GEREKÇE :Talep, davalı anonim şirket genel kurulunda alınan kararların iptali ve davalı şirket yönetim kurulunun görevden alınarak şirkete kayyım atanması isteminden ibarettir. (TTK’nun m. 445, 446, 449; 364)
Davacı, davalı anonim şirketin ortağıdır. Davalı şirkette dava tarihi itibariyle 2300 hissesi (%8,51) bulunmaktadır. Şirketin diğer hisseleri … ailesinin fertlerine aittir.
Davacı nizalı genel kurulda alınan 3, 4, 5 ve 7 nolu kararların yasa, ana sözleşme ve iyi niyet kaidelerine aykırı olduğunu ileri sürerek iptalini talep etmekte, ilaveten şirketin kötü yönetildiğini ileri sürerek, yönetim kurulunun görevden alınmasını ve şirkete yönetim kayyımı atanmasını talep etmektedir. Davalı taraf ise, iddiaların doğru olmadığını, alınan kararların yasa ve ana sözleşmeye uygun olduğunu bildirerek haksız surette açılan davanın reddine karar verilmesi gerektiğini savunmaktadır.
e-imzalı e-imzalı e-imzalı e-imzalı

Davacı, niza konusu yaptığı 2016 yılına ilişkin 11.04.2017 tarihili genel kurula katılmış, iptalini istediği maddeler yönünden muhalefette bulunmuş, buna ilişkin şerhini tutanağa işletmiştir.

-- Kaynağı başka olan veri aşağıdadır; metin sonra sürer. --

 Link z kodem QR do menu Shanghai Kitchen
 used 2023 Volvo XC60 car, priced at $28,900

Dolayısıyla TTK’nun 446. maddesindeki dava açma koşulunun yerine getirildiği anlaşılmıştır.
Dava, genel kurul tarihinden itibaren TTK’nun 445. maddesindeki açıklanan üç aylık yasal süre içerisinde açılmıştır.

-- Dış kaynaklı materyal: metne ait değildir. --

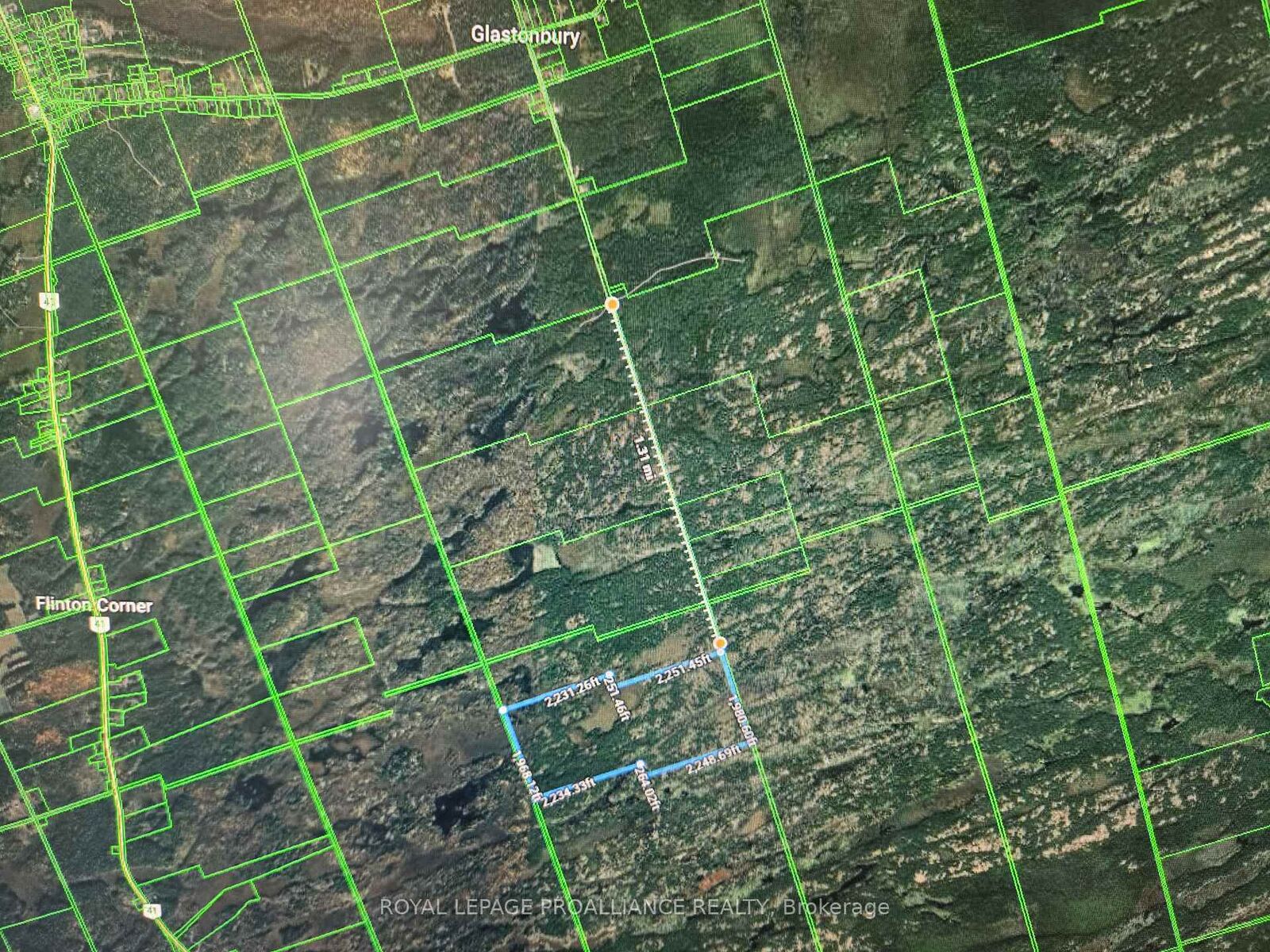 Property Photo:  Kaladar Con 9 N Pt Lt 19 S Pt Lot 20 N/A  ON K0H 1Z0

Tarafların bildirdikleri deliller toplanmış, davalı şirketin kayıtları üzerinde inceleme yaptırılarak uzman bilirkişiden rapor alınmış, akabinde mali müşavir bilirkişinin yanına şirket iş denetim uzmanı bilirkişide ilave edilerek, taraf itirazlarını değerlendirici ek rapor alınmıştır.
Nizalı genel kurulda gündem maddeleri görüşülmüştür. Gündemin 3. maddesinin görüşülmesi neticesinde; yönetim kurulunun yıllık faaliyet raporu okunmuş ve müzakere edilmiştir. Davacı taraf faaliyet raporunun TTK’nun 516. maddesine uygun olmadığını, bakanlıkça hazırlanan zorunlu asgari içeriğe de sahip olmadığını, faaliyetlerin doğru, eksiksiz, gerçeğe uygun ve dürüst bir şekilde yansıtılması kuralına uymadığını ileri sürmüştür. Yapılan oylama neticesinde oy çokluğu ile faaliyet raporu kabul edilmiştir. Anonim şirket yıllık faaliyet raporları şirketin ilgili hesap dönemine ait iş ve işlemlerinin akışı, finansal durumunu doğru, eksiksiz, gerçeğe uygun ve dürüst bir şekilde yansıtmalıdır. Başka bir deyişle, TTK.’nun 516 ile Şirketlerin Yıllık Faaliyet Raporunun Asgari İçeriğinin Belirlenmesi Hakkındaki yönetmeliğin 7. maddesi içeriğine uygun düzenlenmesi gerekmektedir. Bilirkişi marifeti ile yapılan tetkikte; nizalı faaliyet raporunun yönetmeliğin 7. maddesinde açıklanan bölümleri içerdiği tespit edilmiştir. Davalı şirketin 2016 yılı finansal tabloları (bilançosu ve gelir tablosu) ile 2016 yılı faaliyet raporunun uyumlu olduğu da anlaşılmıştır. Davacının bu maddede alınan karara yönelik itirazları yerinde görülmediğinden kararın iptali istemin reddedilmiştir.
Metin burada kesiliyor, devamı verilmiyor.